The partition scheme defines how data is stored within the filesystem. The scheme is important because it defines how the data is queried. Most OLAP queries in GeoMesa contain a date range and geometric predicate and the partition scheme can aid in finding the files satisfy the query. There are two main partition schmes used with GeoMesa FSDS:

  • Date - partition data by a Date attribute
  • Geometry (Z2) - partition data by its geometric coordinates using a Z2 space-filling curve
  • Combined Date and Geometry - partition data using a combined data-time scheme

The partition scheme must be provided at ingest time. Examples of common schemes are:

  • Hourly - Store a file for each hour of each day
  • Daily - Store a single file for each day of the year
  • Day with Z2 - Store a file each day for each region of the world (at some precision of geometry)

More information on defining partition schemes can be found in Partition Schemes and ingest.

14.1.3. Storage Formats

  • Apache Parquet - Apache Parquet is the leading interoperable columnar format in the Hadoop ecosystem.

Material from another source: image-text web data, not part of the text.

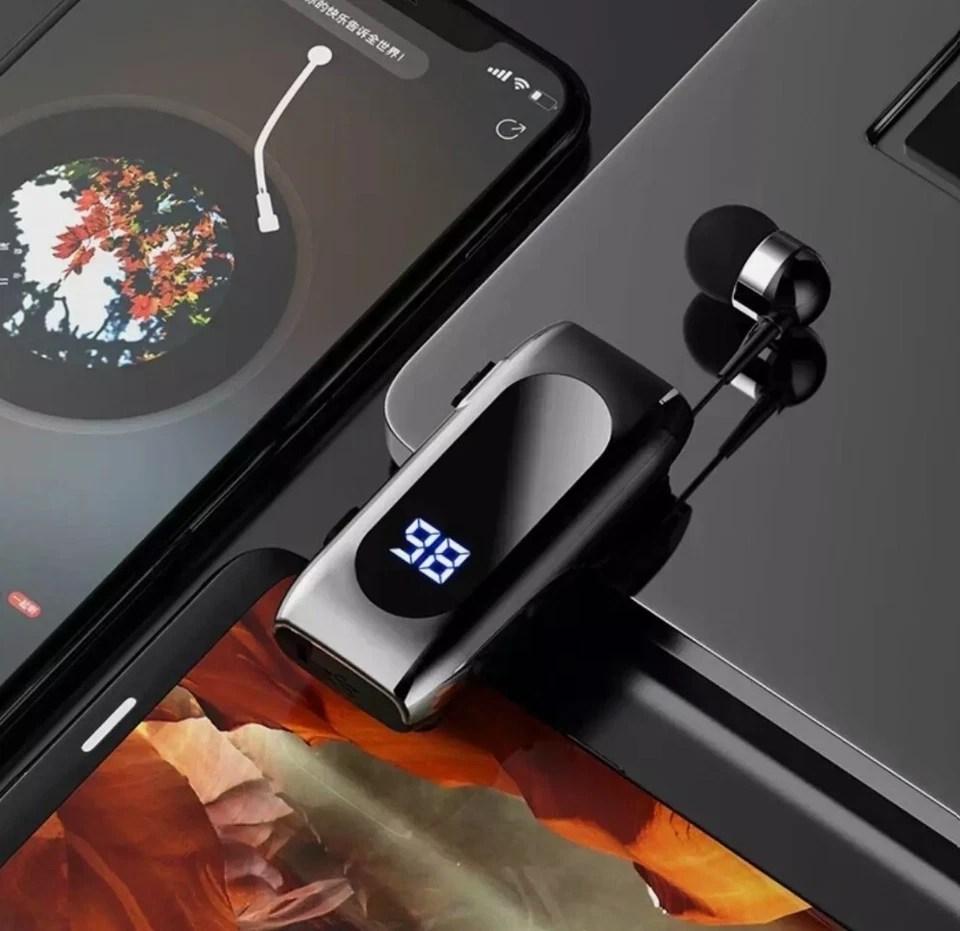 AURICOLARE CUFFIA BLUETOOTH RETRATTILE WIRELESS CLIP VIBRAZIONE iOS ANDROID K55 - Immagine 4 di 4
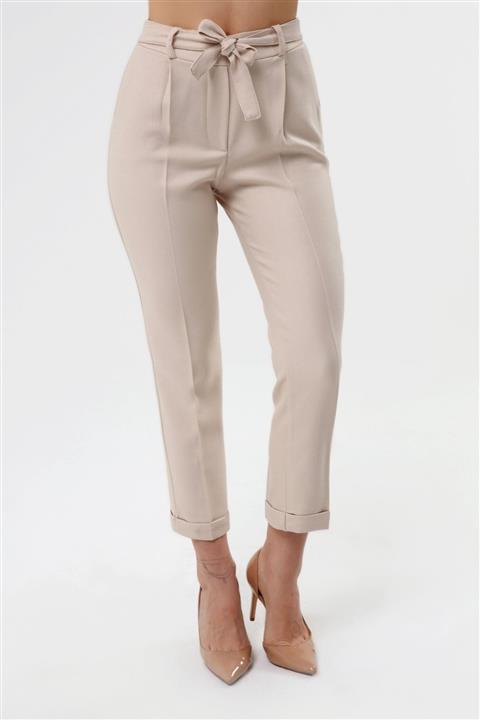 HANIMCA GİYİM Bayan Kışlık Bilek Boy Yün Efekt Krem Rengi Pantolon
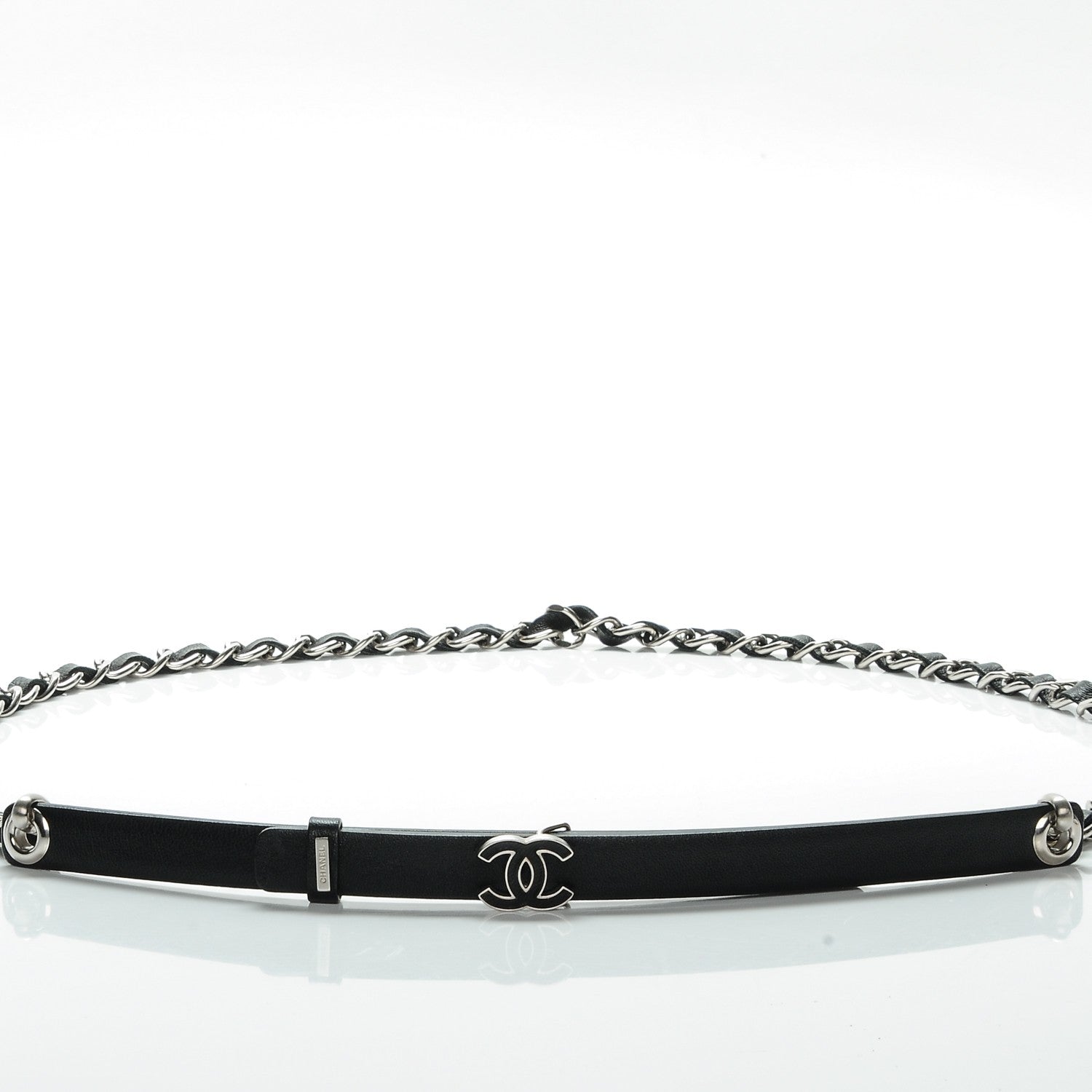 Chanel Lambskin CC Chain Belt 95 38 Black Silver 4 of 10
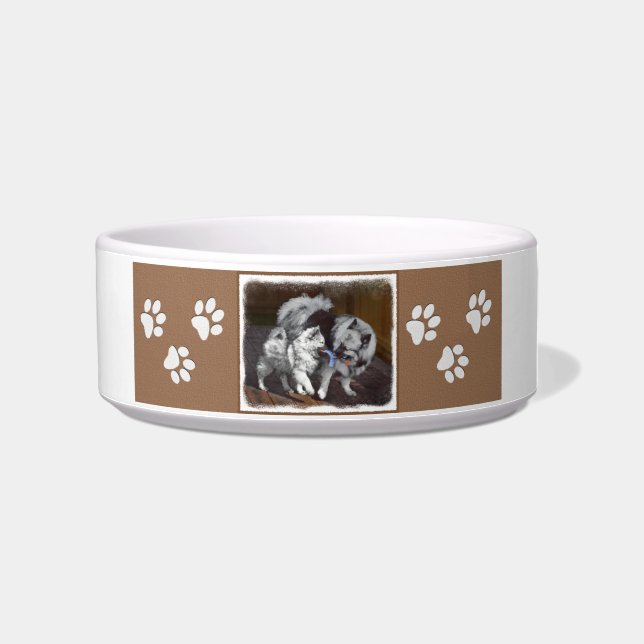 Keeshond Playtime Malerei - Niedliche Original Dog Napf (Rechts)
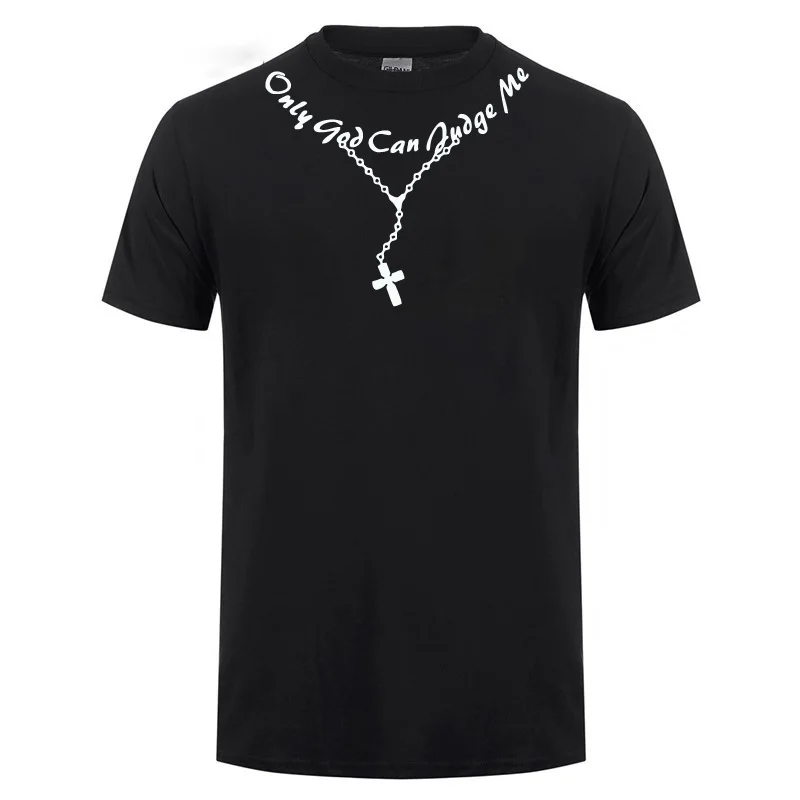 Хлопковая футболка с надписью только God Can judicate Me Cross Rosary для мужчин и женщин
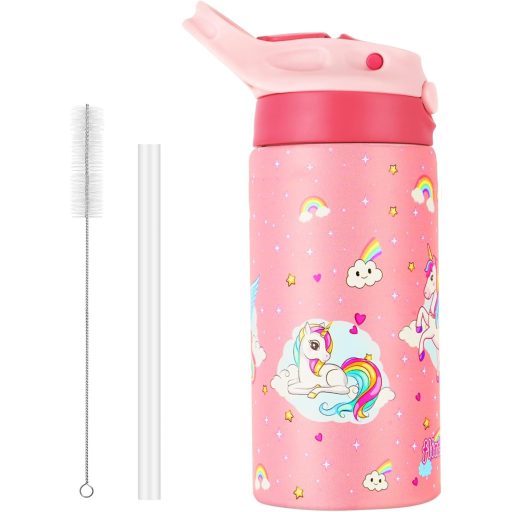 flintronic 350ml Rozsdamentes Gyerek Kulacs Szívószállal, Szorítható Ivópalack Óvodásoknak - BPA Mentes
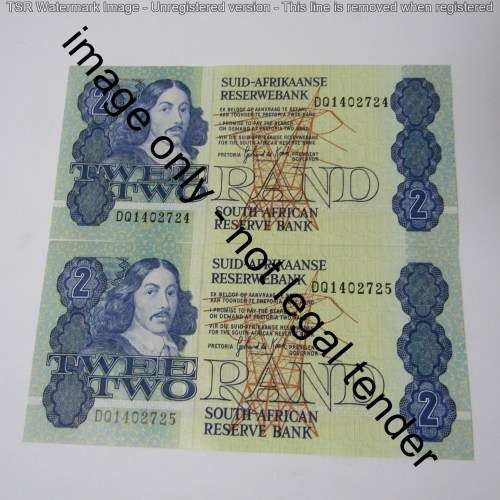 GPC de Kock 3rd issue - Lot of 7 uncirculated R2 banknotes with consecutive numbers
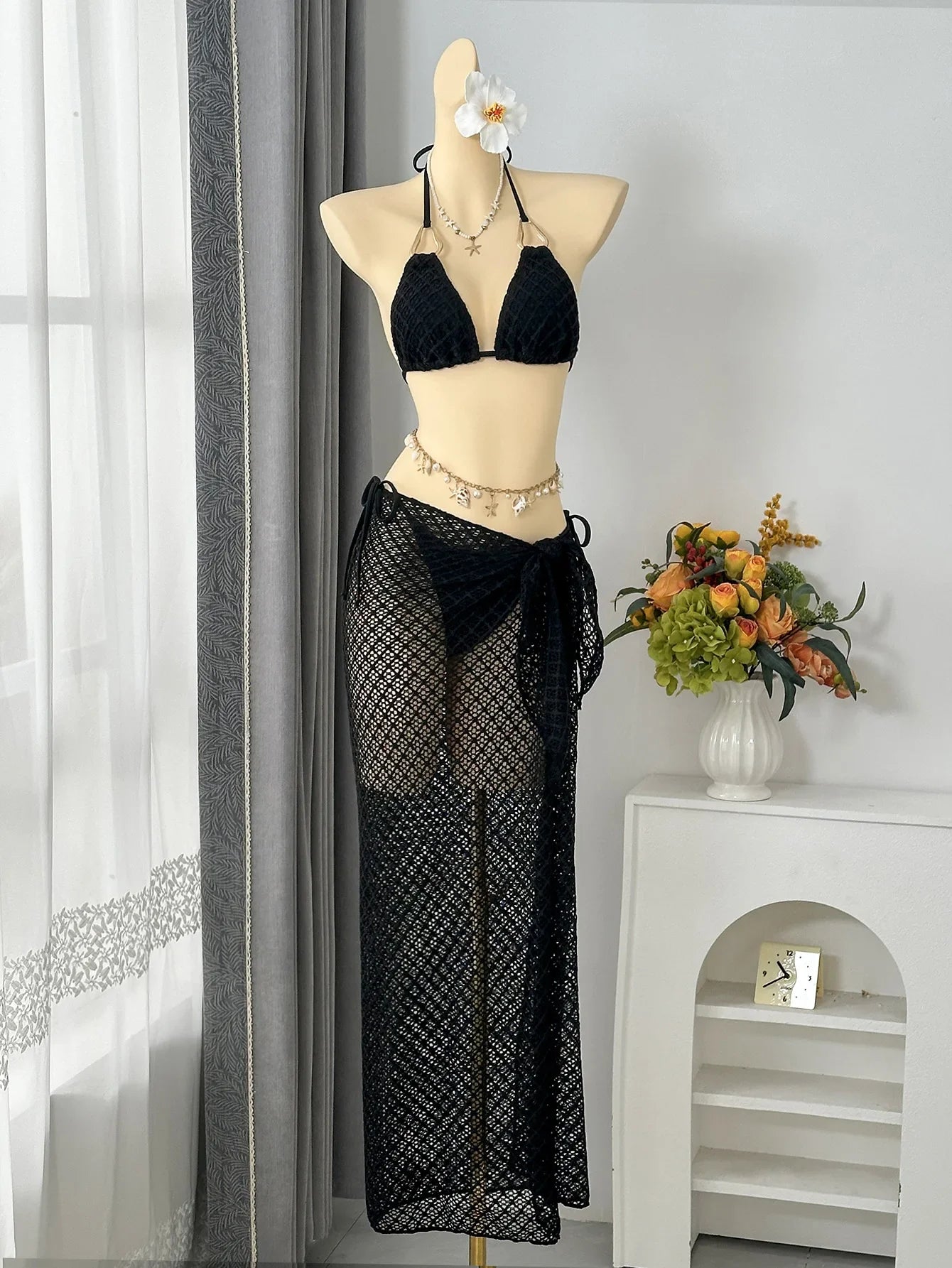 Vintage Beige Black Mesh Skirt 3 Piece Bikini Set 2026 Women Metal Chain Strap Push Up Bra Swimsuit Beach Bathing Suit Swimwear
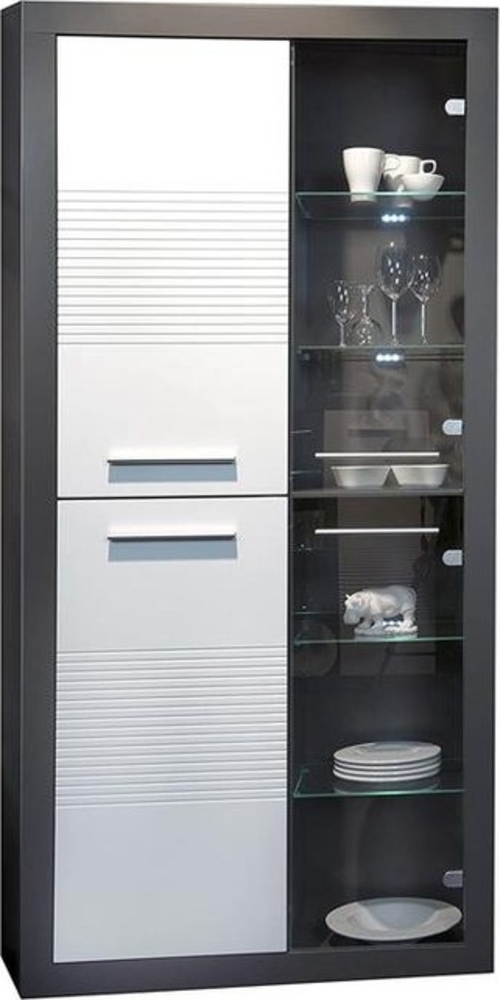 Vitrine KOLIBRI grau MDF weiß Hochglanz mit LED Bild 1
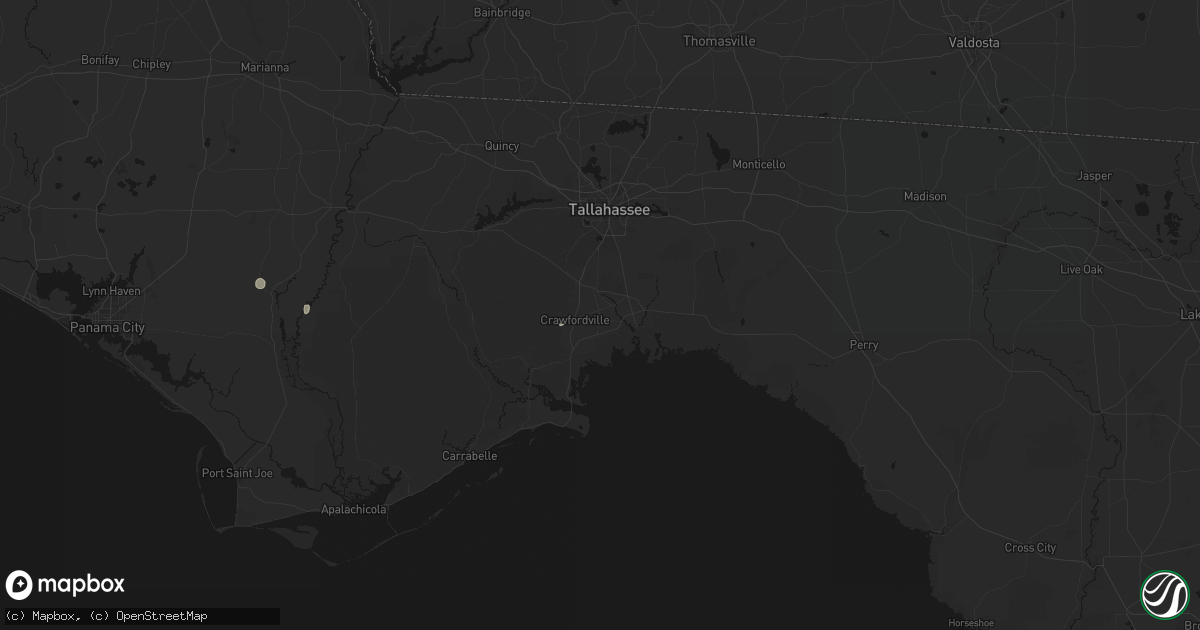 Hail map in Crawfordville, FL on August 17, 2026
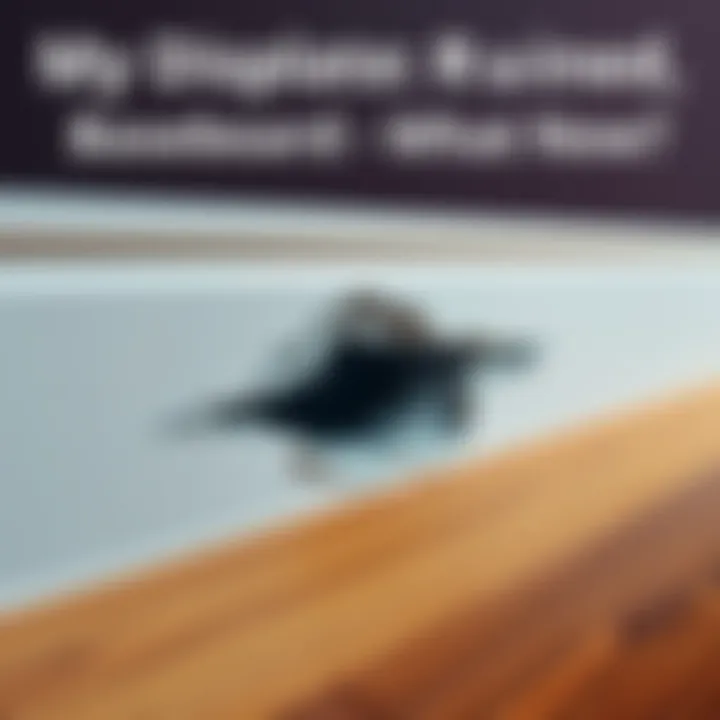 A close-up of a baseboard with a large hole caused by a Displate installation mishap.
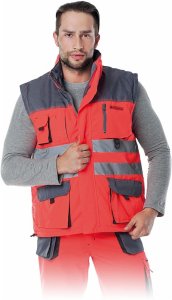 Reis LH-FMNX-V - Bezrękawnik ocieplany pomarańczowo-stalowo-czarny 3XL 3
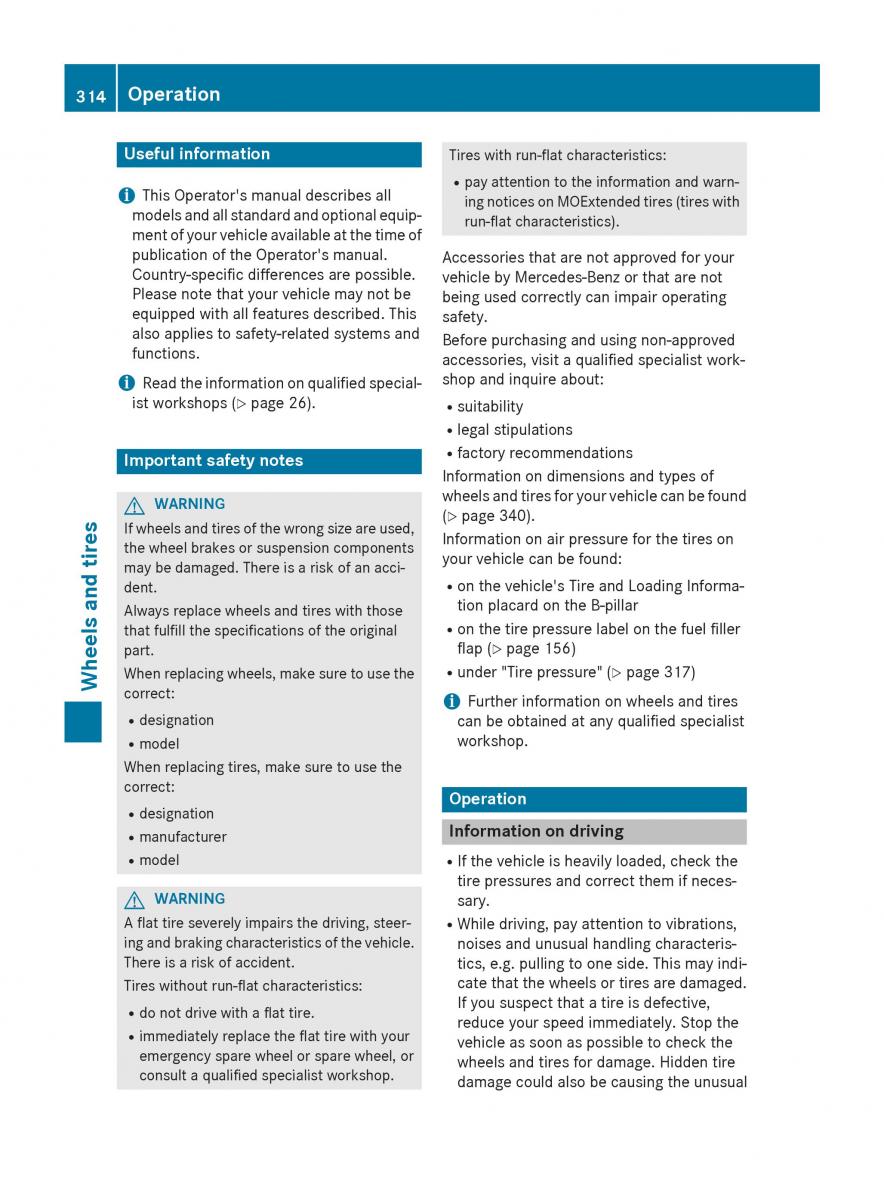 Mercedes Benz CLA C117 owners manual / page 316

It provides efficient compression, storage, and query of structured data.
  • Apache ORC - Apache ORC is a self-describing type-aware columnar file format designed for Hadoop workloads. It is optimized for large streaming reads, but with integrated support for finding required rows quickly.
  • Converter Storage - The converter storage format is a synthetic format which allows you to overlay a GeoMesa converter on top of a filesystem using a defined partition scheme. This allows you to utilize existing data storage layouts of data stored in JSON, CSV, TSV, Avro, or other formats. Converters are pluggable allowing users to expose their own custom storage formats if desired. Converter storage is a read-only format.